TO DO → Every line from the line containing "Mitsubishi Pajero Sport" through the end of the data is to be reproduced exactly, excluding pictures.

-------- INFORMATION SUPPLIED

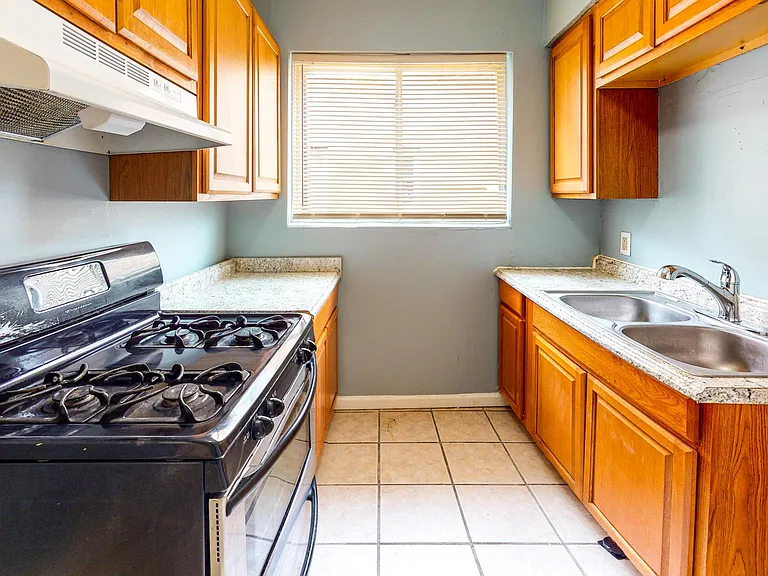 1652 Summit Rd #2 — Photo 5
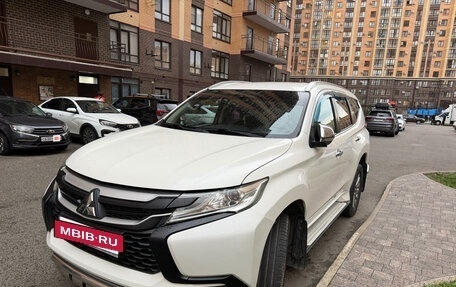 Mitsubishi Pajero Sport III рестайлинг, 2017 год, 2 900 000 рублей, 6 фотография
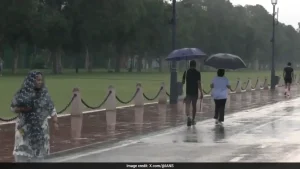 The India Meteorological Department (IMD) has issued a red alert for the capital, warning of lightning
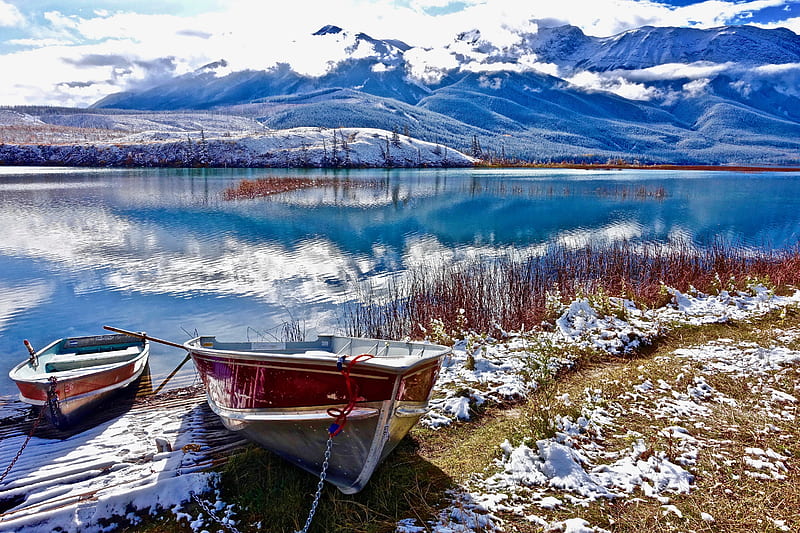 Brown and white canoe, snow, bonito, canoe, river, reflection, winter, lake, brown, mountain, white, HD wallpaper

----------------

TASK RESPONSE →
 Mitsubishi Pajero Sport III рестайлинг, 2017 год, 2 900 000 рублей, 6 фотография
 The India Meteorological Department (IMD) has issued a red alert for the capital, warning of lightning
 Brown and white canoe, snow, bonito, canoe, river, reflection, winter, lake, brown, mountain, white, HD wallpaper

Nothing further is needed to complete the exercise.